Inside the NYT pay strategy

newsonomics reporting:
The numbers have quieted most of the skeptics, including Clay Shirky. Today, the New York Times summed up a year of its digital circulation strategy, and the report reinforced the notion: there’s a there there. It’s not the there of saving the newspaper industry, or even the Times, but it’s a strong indication that some readers will indeed pay for digital news access — and that paying for subscriptions opens other doors as well. The numbers in brief, from this morning’s Times 2011 earnings report:
  • 390,000 digital subscribers overall.
  • Growth rate of 20% fourth quarter over third quarter.
Those are the public numbers. We’re left to extrapolate the dollars. My extrapolation is that the run-rate for the Times’ new digital revenue is about $86 million a year. We take the 390,000 digital subscriber number and assign an average revenue per digital customer of $221 a year. At its four-week (or 13X a year) billing rate, that’s a little less than $17 every four weeks. Full all-access (tablet + smartphone + online) costs $35 each period, tablet access $20, smartphone, $15. So let’s take the differing price points, rolling intro offers (99 cents for the first month), special deals and cancellations into account. Let’s believe that it’s the lowest price point digital product (online + smartphone) for $15 each four weeks generates the majority of buys. Let’s then use a $17 average.
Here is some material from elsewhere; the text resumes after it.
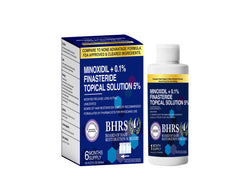 Private Label FDA Registered Minoxidil Hair Loss Treatment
That produces $86 million a year, or more than eight times what the Times took in annually from Times Select; time to bury that ghost. If we compare it to some other Times’ yardsticks, it takes on more meaning:
  • It’s 12% of the New York Times overall circulation revenue for the year. That puts the annual circulation number in positive territory — up 3% for the year, and a lively 8% for the fourth quarter – reversing the 2010 trend.
  • It’s $100 million less (about $186M for New York Times itself) than the amount of digital advertising revenue for the year. So it’s important, but the digital ad number still is more decisive in making up for the print revenue decline. Despite 10% digital ad growth for the News Media group (without About properties), the NYT property still saw a 3% decline in ad revenue for the year. One more way to look at it: the Times took in $22 million less in advertising overall in 2011, so new digital circulation revenue exceeded that decline by 4X.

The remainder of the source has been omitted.